A referência a 31 de Dezembro de 1864, data em que as parcelas tinham de ser privadas para agora serem reconhecidas como tal, tem a ver com uma lei que então definiu os domínios hídricos públicos e privados. O problema é que a prova implica o reconhecimento de que o espaço em causa já era de domínio privado há mais de 150 anos. Para tal, os proprietários têm de mover contra o Estado uma acção de reconhecimento de propriedade privada.
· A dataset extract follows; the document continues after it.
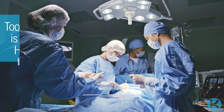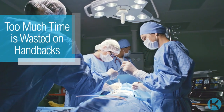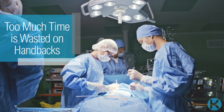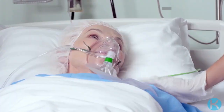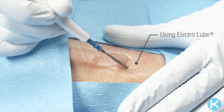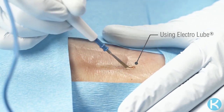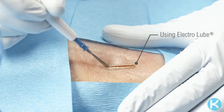Too much time in electrosurgical procedures is wasted on handbacks, unnecessarily increasing the time the patient is on the OR table. We understand that every minute counts in the OR, which is why we have developed a solution to help improve the way your electrosurgical instrumentation performs during surgery.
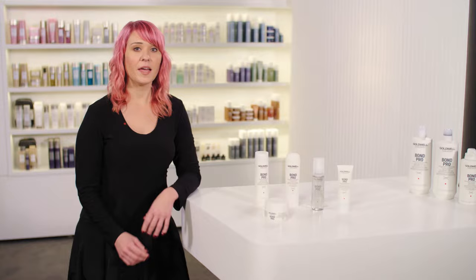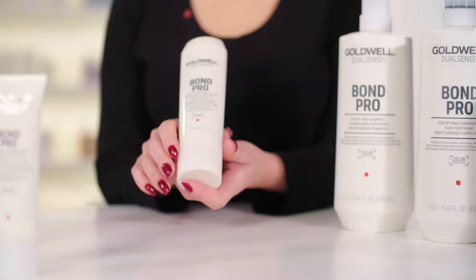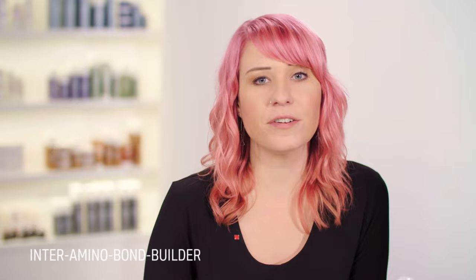Hi guys, I'm here to introduce to you the new DualSenses Bond Pro Fortifying Conditioner. It protects the hair from future mechanical damage caused by combing and brushing. It's infused with the strengthening inter-amino bond builder for hair that looks instantly stronger with visibly less breakage.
A lei dava um prazo até 1 de Janeiro de 2014, que foi prorrogado pela Assembleia da República até 1 de Julho, precisamente por causa das dificuldades que as populações estão a enfrentar.

No caso das ‘arribas alcantiladas’, muito frequentes na Madeira, a prova da titularidade privada terá de se mostrar anterior a 22 de Março de 1868. Ora, tal titularidade privada é de difícil prova mesmo, para os terrenos que já foram desafectados do DPM por qualquer circunstância ou lei (por exemplo, por legislação regional que desanexou parcelas para o interior de estradas regionais marginais).

Num esclarecimento ontem divulgado, a Secretaria Regional do Ambiente e dos Recursos Naturais – que tem, na Madeira, a tutela do ordenamento do território – veio a público manifestar-se “solidária” com as populações afectadas. Revelou ainda que “discorda veementemente” das leis e procedimentos nacionais e que tem encetado esforços junto do Governo da República, “de forma a encontrar a melhor solução para este problema”.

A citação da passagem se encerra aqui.